SUPPLIED RECORDS ::
========

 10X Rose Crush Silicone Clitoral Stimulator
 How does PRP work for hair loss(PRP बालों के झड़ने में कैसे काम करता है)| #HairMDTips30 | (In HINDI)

========

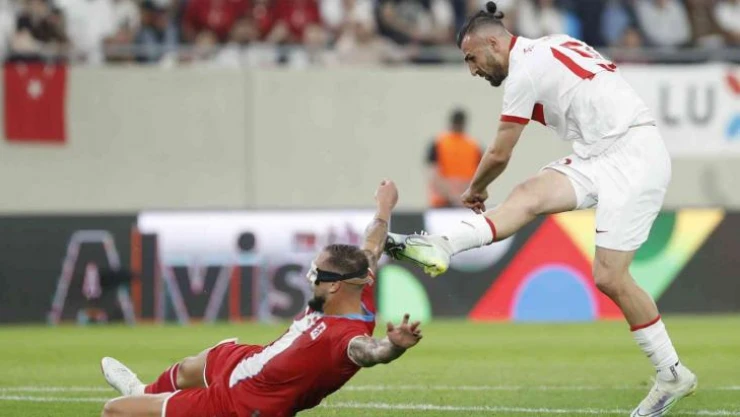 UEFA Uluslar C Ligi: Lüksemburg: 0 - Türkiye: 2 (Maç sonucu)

========

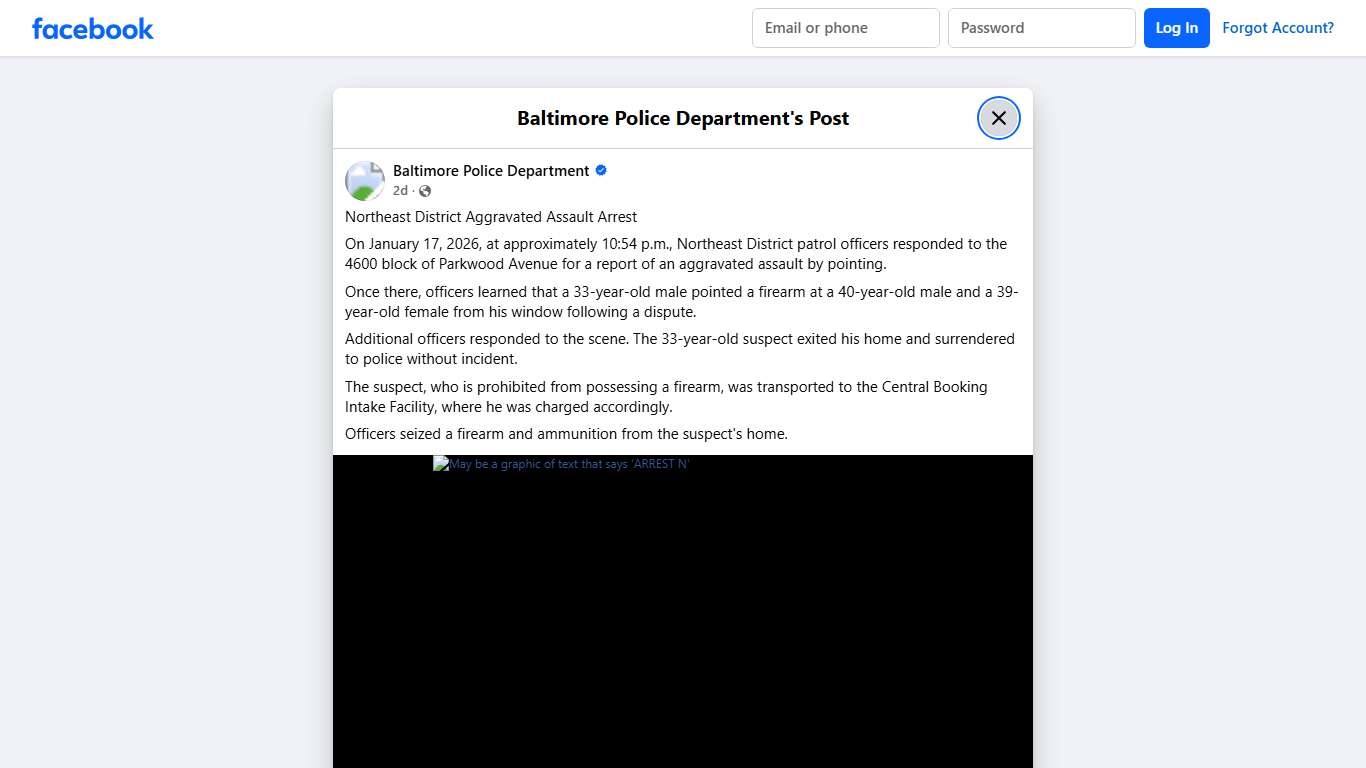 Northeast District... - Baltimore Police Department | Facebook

========

TASK TO COMPLETE ::
Go through the material above and output exactly the lines from the one containing "10X Rose Crush Silicone Clitoral Stimulator" through the one containing "How does PRP".

OUTPUT FOR THIS TASK ::
 10X Rose Crush Silicone Clitoral Stimulator
 How does PRP work for hair loss(PRP बालों के झड़ने में कैसे काम करता है)| #HairMDTips30 | (In HINDI)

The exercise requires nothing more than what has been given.